August 2023 | Interview with Hagit Cohen, Photographer, and Mixed Media Artist – Part II

Part II

“For a moment, this mundane structure, the tent, turned into a sanctuary. It took my breath away… So many elements celebrating the poetry and magic of life. The pure, incredible mystery of the moment. I’m so touched by it!”

Hagit Cohen at the Browser Center Show

Symbols of Transformation and Life

Looking at the tree pods series, it’s hard to imagine that the real pods are very small. It’s easy to overlook them or kick them as you hike. By picking them up and isolating them in the studio on a white background, presenting them in a three-dimensional way, and enlarging them, I’m giving them agency to speak about their importance in the cycle of life. In the shamanic tradition, everything has agency: plants, rocks, animals, and even still life. The pods are infused with symbolic power (like a specific tool that shamans create for healing) and act as agents of new awareness and change. It’s really a collaboration between me as an artist and the “shamanic tools” of Nature, to impact the people who see the photographs.

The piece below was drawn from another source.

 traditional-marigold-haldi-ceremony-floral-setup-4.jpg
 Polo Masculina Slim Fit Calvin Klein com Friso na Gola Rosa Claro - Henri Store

Erodium Seeds          All photos and compositions by Hagit Cohen


In my photography, I “paint” and “draw” with elements I find in Nature. In a way, I capture Nature’s own drawings. The shadows of the elements I photograph have an important role in the composition I create. In a series I made, titled Erodium Seeds, I captured the seeds in such a way that they look like dancing figures or calligraphic elements. I found myself “drawing” with the seeds and their shadows, like a choreographer of a dance. When the Erodium seeds are dry and ready, they become like screws. They burrow into the earth and stay in the dark until they’re ready to come out again. They are very gentle in their shape but tenacious. What a metaphor for life! The dichotomy of Nature—how fragile and how powerful it is.

Aspen White Canvas

My imagery takes you beyond the thing I photograph to a deeper story or mystery. In the Summer of 2017, I was in Aspen, Colorado, walking in an open-air music complex. There was a reception area with unattractive canvas tents. As I passed by one of the tents, I saw the shadows of the Aspen trees reflecting on the tent with the evening light. For a moment, this mundane structure, the tent, turned into a sanctuary. It took my breath away. All I had to do was to see it, capture it, and print it on large silk panels to re-create the sanctuary feeling I experienced. So many elements celebrating the poetry and magic of life. The pure, incredible mystery of the moment. I’m so touched by it!

Drought Touching Left

Drought

There was a period of time when I was physically struggling and didn’t have much energy. I ended up working in the studio for only a couple of hours a day with the afternoon light. During that time I photographed a few pieces of palm tree bark I found in Ojai, California. I created a whole series of imaginary scenes resembling water with the dry bark. I think about “drought” as a psychological/emotional experience as well as a natural state.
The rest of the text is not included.